11 KiB
Synthetic data showcase
Generates synthetic data and user interfaces for privacy-preserving data sharing and analysis.
Free-to-use web application for private data release: https://microsoft.github.io/synthetic-data-showcase/
Overview
In many cases, the best way to share sensitive datasets is not to share the actual sensitive datasets, but user interfaces to derived datasets that are inherently anonymous. Our name for such an interface is a data showcase. In this project, we provide an automated set of tools for generating the three elements of a synthetic data showcase:
- Synthetic data representing the overall structure and statistics of the input data, without describing actual identifiable individuals.
- Aggregate data reporting the number of individuals with different combinations of attributes, without disclosing exact counts.
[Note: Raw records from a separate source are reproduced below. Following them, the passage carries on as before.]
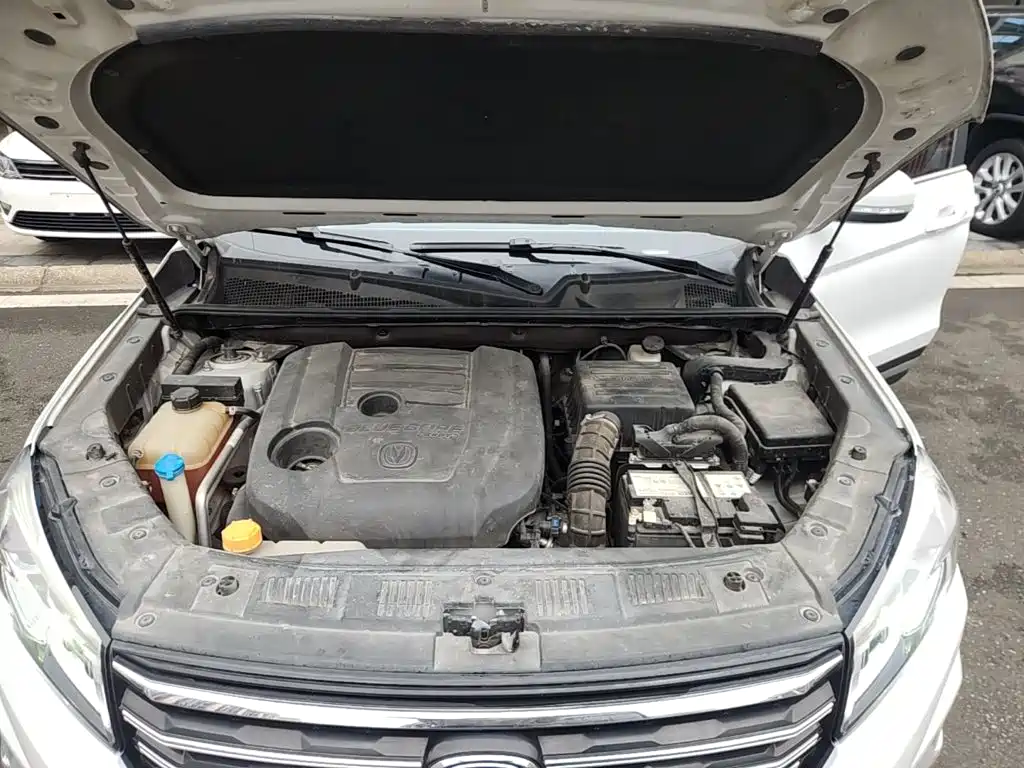 Changan CS75 — миниатюра 20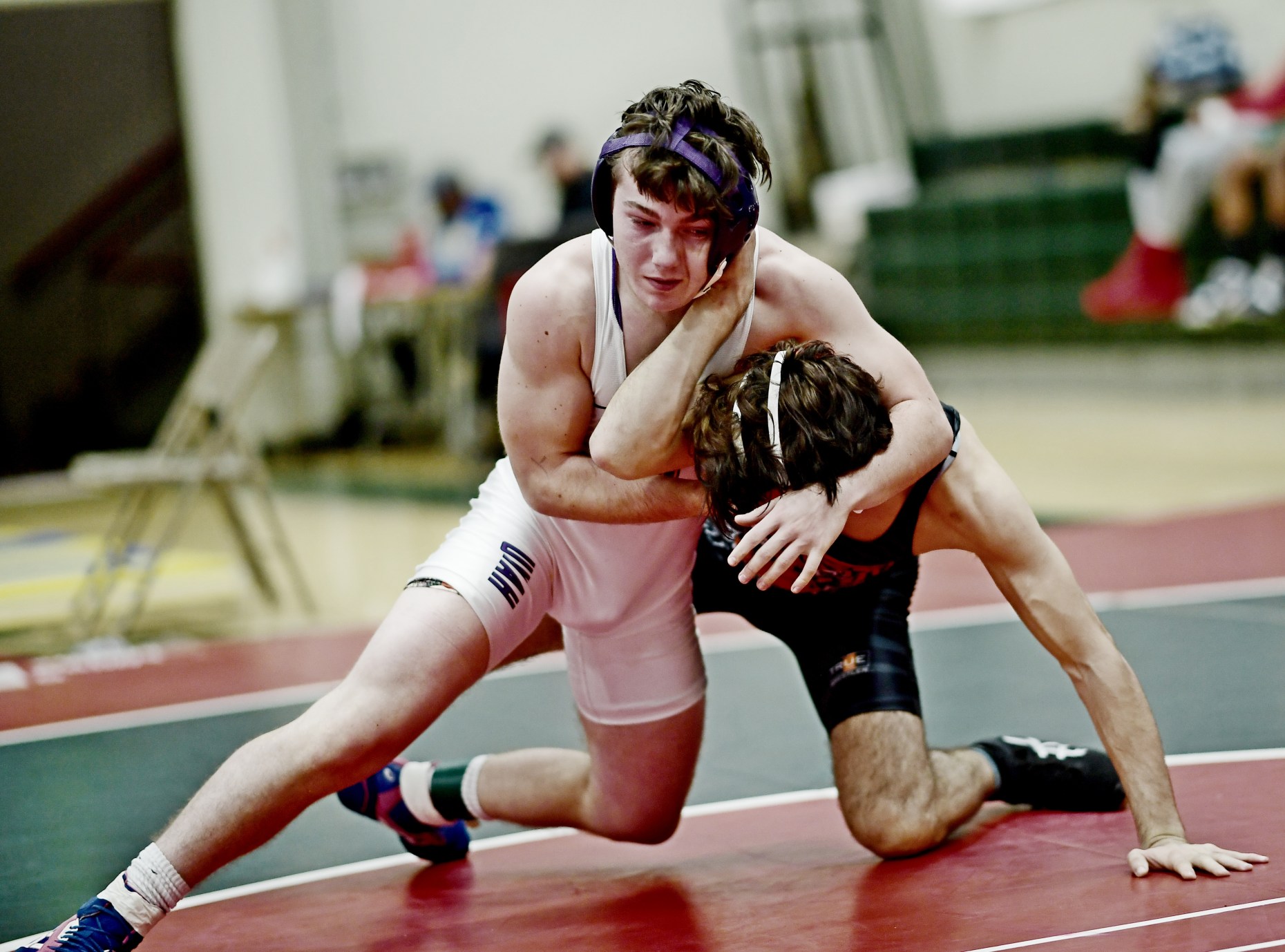 derek hillegass add Futanaria Wrestling photo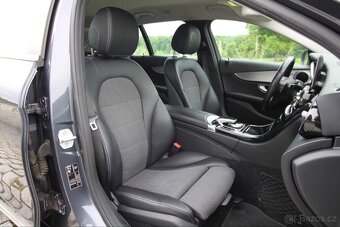 C220 CDI,W205,125kw-7G,AVANTGARDE,FullLED,Comand,TAŽNÉ,ACC - 12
- Data dashboards enabling exploratory visual analysis of both datasets, without the need for custom data science or interface development.
To generate these elements, our tool provides two approaches to create anonymous datasets that are safe to release: (i) differential privacy and (ii) k-anonymity.
Differential privacy
Privacy guarantees
The paradigm of differential privacy (DP) offers "safety in noise" – just enough calibrated noise is added to the data to control the maximum possible privacy loss, \varepsilon
(epsilon). When applied in the context of private data release, \varepsilon
bounds the ratio of probabilities of getting an arbitrary result to an arbitrary computation when using two synthetic datasets – one generated from the sensitive dataset itself and the other from a neighboring dataset missing a single arbitrary record.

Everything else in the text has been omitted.